Tour de France 2019: Stage seven preview, prediction, start time and route from Belfort to Chalon-sur-Saone
Inevitably there will be a breakaway on a profile like this one, but the power riders will be desperate to reel them in and contest a bunch sprint
It is a little cruel on the peloton that the longest stage of this Tour de France should fall the day after the hardest so far, and it means stage seven is likely to be a low-key affair for the general classification contenders – or so they will hope.
Stage six saw Geraint Thomas take a commanding position in the GC. He has only few seconds on the majority of his rivals, but his advantage is that the next serious test for those riders chasing the yellow jersey will come in next week’s individual time-trial, a discipline in which Thomas is far better than most.
Giulio Ciccone will wear yellow for now after finishing second on Thursday and is likely to retain it here, while the impressive Julian Alaphilippe is second in the overall standings, with Thomas fourth.
Inevitably there will be a breakaway on a profile like this one, and Tim Wellens will again be desperate to be involved to scoop up the King of the Mountains points on offer in the three categorised climbs of the day, which all fall in the first half of the race, to strengthen his hold on the polka dot jersey.
The second half is hammered flat and looks set perfectly for a bunch sprint finish.

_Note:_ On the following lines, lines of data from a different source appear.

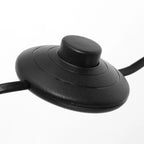Interrupteur noir pour lampadaire tripode en bois avec abat-jour en tissu noir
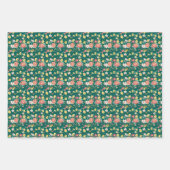 ぼろぼろのピンクと緑の庭 ラッピングペーパーシート (正面3)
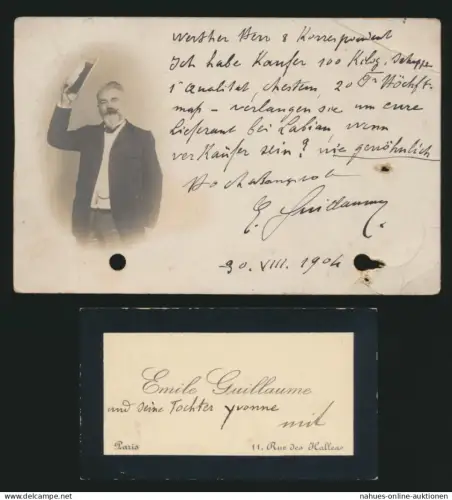 Autogramm Autograph Ansichtskarte Émile Oscar Guillaume Bildhauer Frankreich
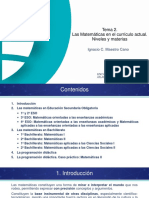 Tema 2. Las Matemáticas en El Currículo Actual. Niveles y Materias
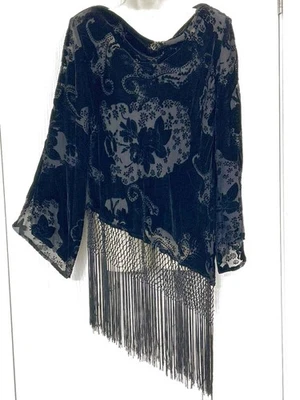 Top R&M RICHARDS Talla Mediana Negro Burnout Flecos Capucha Cuello Elegante Formal Foto 1 de 2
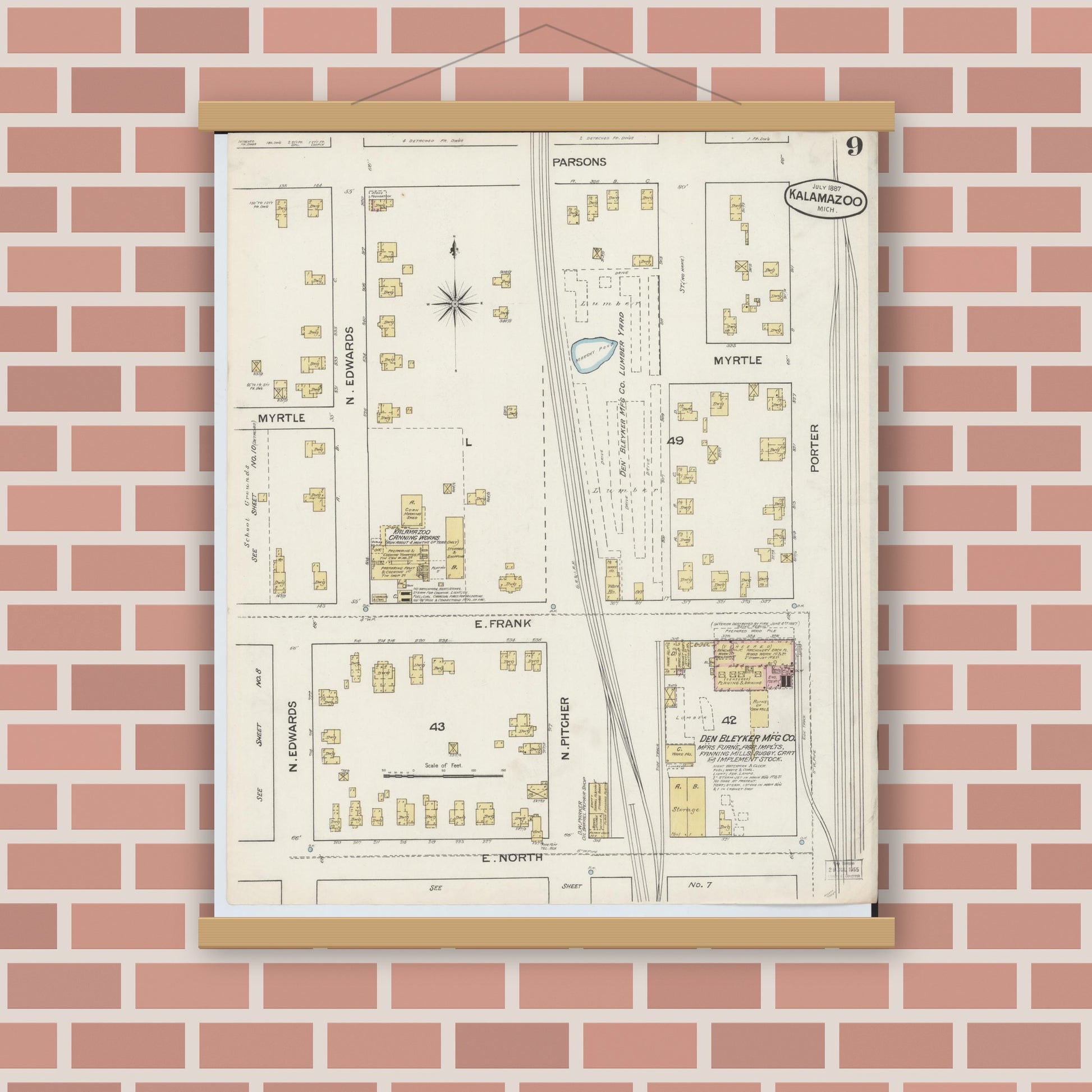 Old map wall art mockup — magnetic wood frame on brick wall — Sanborn Fire Insurance Map from Kalamazoo, Kalamazoo County, Michigan (1887), Sheet #0009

It seems a tantalising opportunity too good for the sprinters to miss, and their teams will be desperate to deliver their fast guy in position to contend in Chalon-sur-Saone.
Of those who were brought to the race with the express mission of winning a flat stage, only Elia Viviani and Peter Sagan have so far delivered. For Jumbo-Visma’s Dylan Groenewegen, who crashed on stage one, and Lotto-Soudal’s Caleb Ewan, the pressure to deliver mounts with every passing day.
But when it comes to reeling in a breakaway, they are unlikely to get much help from Team Ineos and the other all-out GC contenders, meaning one of the escapees could stay out all the way to the finish. In that situation a breakaway specialist like Thomas De Gendt or Steve Cummings could profit.
Elia Viviani – After his supreme victory on stage four, Viviani is full of confidence and has the lead-out train via his Quick-Step teammates to be well positioned at the finish. ****
Dylan Groenewegen – All the frustrations of this opening week would be blown away by victory on stage seven for Groenewegen. ***
Caleb Ewan – The Australian is yet to show his form from the Giro d’Italia but don’t discount Lotto-Soudal to set him up for the win here. **
Peter Sagan – When there’s a bunch sprint, you never discount Sagan, although this is the kind of stage in which he has historically finished second of third, rather than the rolling profile which he conquered on stage five. **
Steve Cummings – The Dimension Data rider has said he is targeting a stage win at this Tour and perhaps this is a day he has his eye on. If he’s in the break and it stays away, he will be right in his comfort zone. *
What time does it start?
The stage is scheduled to start at around 10.30am BST, an early start for a long day in the saddle.